Please repeat the records below exactly, from the first line through the line containing "2018 JEEP GRAND CHEROKEE LAREDO 6", and nothing more.

## Data shown
▼

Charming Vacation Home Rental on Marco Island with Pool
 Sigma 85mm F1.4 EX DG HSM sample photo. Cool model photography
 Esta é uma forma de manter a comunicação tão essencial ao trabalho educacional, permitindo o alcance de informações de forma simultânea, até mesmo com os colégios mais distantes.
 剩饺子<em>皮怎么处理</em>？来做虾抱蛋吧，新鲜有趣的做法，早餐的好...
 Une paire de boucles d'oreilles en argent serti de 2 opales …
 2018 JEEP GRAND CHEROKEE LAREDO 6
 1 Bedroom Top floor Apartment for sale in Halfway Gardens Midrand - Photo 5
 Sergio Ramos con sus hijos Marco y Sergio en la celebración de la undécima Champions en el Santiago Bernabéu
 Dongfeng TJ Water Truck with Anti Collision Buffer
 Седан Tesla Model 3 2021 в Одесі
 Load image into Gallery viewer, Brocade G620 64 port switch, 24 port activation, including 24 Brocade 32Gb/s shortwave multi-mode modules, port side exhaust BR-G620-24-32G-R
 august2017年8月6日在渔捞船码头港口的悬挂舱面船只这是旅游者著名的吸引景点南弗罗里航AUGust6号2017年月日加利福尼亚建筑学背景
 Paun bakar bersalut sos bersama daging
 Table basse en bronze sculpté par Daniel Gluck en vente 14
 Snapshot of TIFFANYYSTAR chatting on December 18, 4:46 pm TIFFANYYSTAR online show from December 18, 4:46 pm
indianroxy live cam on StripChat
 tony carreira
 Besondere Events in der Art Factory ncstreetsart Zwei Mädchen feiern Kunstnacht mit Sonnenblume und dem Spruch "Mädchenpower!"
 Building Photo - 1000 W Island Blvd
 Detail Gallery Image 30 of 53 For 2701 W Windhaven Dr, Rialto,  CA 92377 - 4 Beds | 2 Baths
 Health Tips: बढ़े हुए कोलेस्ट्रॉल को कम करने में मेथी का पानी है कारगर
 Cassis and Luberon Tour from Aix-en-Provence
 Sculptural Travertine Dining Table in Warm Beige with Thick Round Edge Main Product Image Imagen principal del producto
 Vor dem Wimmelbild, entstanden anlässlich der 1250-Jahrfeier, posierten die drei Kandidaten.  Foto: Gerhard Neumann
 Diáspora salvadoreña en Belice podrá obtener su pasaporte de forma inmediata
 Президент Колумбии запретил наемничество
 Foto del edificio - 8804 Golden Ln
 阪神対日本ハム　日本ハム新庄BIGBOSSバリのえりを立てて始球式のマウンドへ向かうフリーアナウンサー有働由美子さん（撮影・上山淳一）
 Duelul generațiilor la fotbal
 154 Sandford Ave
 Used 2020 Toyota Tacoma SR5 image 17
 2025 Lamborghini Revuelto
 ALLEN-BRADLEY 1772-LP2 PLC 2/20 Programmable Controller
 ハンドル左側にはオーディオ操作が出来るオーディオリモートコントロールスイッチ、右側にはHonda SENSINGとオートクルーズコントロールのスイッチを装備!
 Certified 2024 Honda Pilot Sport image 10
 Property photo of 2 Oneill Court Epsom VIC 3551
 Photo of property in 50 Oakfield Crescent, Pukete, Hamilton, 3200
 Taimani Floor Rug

▲

## Answer section
Charming Vacation Home Rental on Marco Island with Pool
 Sigma 85mm F1.4 EX DG HSM sample photo. Cool model photography
 Esta é uma forma de manter a comunicação tão essencial ao trabalho educacional, permitindo o alcance de informações de forma simultânea, até mesmo com os colégios mais distantes.
 剩饺子<em>皮怎么处理</em>？来做虾抱蛋吧，新鲜有趣的做法，早餐的好...
 Une paire de boucles d'oreilles en argent serti de 2 opales …
 2018 JEEP GRAND CHEROKEE LAREDO 6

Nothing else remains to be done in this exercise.